Top of Data for analysis

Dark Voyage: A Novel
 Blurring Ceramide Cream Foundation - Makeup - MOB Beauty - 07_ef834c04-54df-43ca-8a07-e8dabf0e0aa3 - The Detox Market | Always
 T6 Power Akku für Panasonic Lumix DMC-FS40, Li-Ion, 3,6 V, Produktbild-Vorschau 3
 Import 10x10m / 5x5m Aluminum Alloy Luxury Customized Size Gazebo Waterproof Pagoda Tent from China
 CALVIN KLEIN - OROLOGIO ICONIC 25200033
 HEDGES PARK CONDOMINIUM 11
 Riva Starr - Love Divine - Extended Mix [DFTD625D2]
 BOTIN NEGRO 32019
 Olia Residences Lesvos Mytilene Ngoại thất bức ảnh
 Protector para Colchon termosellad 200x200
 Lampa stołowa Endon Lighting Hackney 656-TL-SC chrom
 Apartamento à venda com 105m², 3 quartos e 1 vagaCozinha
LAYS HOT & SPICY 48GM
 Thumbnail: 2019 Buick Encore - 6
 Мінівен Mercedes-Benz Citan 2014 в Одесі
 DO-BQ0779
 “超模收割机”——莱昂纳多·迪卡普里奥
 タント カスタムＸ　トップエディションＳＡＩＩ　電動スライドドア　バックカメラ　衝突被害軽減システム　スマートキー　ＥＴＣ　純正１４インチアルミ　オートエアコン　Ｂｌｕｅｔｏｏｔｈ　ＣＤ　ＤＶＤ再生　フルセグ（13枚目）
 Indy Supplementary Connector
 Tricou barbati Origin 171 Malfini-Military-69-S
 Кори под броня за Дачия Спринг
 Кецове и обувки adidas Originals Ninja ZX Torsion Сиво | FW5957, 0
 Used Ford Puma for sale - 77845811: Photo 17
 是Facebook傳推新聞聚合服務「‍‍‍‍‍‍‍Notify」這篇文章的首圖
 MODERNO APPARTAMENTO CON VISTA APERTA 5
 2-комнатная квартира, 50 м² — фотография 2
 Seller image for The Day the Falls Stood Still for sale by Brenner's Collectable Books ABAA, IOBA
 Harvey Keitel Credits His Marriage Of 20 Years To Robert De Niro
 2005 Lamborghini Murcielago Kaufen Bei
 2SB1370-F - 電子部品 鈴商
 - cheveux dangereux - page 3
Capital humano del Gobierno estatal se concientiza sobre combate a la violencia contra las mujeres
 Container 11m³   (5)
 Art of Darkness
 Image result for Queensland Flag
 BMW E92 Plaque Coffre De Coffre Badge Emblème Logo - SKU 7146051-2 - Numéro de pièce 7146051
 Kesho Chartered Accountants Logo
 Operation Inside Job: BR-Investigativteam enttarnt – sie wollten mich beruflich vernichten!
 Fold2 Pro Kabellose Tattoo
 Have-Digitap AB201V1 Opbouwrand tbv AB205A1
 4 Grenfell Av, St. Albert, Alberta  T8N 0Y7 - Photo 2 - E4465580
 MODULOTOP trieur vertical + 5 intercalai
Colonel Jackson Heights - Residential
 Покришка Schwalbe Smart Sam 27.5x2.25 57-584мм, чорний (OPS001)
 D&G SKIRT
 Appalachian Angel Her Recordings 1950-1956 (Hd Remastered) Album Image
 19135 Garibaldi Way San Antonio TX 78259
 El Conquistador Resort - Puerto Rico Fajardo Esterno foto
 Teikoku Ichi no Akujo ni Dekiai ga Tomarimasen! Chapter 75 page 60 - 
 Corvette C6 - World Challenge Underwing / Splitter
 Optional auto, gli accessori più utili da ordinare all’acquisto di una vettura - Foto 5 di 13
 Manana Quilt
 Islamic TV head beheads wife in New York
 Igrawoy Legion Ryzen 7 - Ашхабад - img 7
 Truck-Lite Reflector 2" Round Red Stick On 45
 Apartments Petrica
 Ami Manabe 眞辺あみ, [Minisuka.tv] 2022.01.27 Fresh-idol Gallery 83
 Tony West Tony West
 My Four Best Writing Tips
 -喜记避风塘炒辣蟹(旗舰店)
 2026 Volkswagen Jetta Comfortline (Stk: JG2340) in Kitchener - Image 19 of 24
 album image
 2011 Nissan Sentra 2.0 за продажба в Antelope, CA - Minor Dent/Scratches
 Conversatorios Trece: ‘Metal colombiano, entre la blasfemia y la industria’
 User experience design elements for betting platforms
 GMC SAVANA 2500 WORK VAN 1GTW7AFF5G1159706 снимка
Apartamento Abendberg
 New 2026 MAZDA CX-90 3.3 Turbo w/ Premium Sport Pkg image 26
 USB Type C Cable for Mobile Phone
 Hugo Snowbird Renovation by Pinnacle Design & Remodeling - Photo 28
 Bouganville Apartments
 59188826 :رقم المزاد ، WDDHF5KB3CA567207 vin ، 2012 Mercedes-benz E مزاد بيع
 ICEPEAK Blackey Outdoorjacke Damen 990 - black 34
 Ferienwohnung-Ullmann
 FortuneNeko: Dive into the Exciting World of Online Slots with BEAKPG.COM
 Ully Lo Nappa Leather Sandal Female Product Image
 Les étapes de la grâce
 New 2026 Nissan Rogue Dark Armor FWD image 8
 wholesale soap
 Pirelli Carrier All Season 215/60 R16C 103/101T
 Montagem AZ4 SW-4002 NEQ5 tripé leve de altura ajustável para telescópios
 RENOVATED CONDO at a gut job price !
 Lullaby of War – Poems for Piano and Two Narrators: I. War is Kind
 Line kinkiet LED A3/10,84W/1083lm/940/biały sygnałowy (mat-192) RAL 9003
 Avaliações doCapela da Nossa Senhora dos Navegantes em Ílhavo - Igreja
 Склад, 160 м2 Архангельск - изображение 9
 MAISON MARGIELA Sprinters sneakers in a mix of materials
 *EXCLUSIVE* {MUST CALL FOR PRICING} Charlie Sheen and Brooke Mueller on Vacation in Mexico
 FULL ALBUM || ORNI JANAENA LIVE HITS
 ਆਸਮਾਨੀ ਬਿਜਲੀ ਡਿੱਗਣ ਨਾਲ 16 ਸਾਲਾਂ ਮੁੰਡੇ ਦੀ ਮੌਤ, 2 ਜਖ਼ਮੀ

Bottom of Data for analysis

-- Directions --
From the records above, report the count of lines containing "Mercedes" and nothing more.

-- Worked solution --
2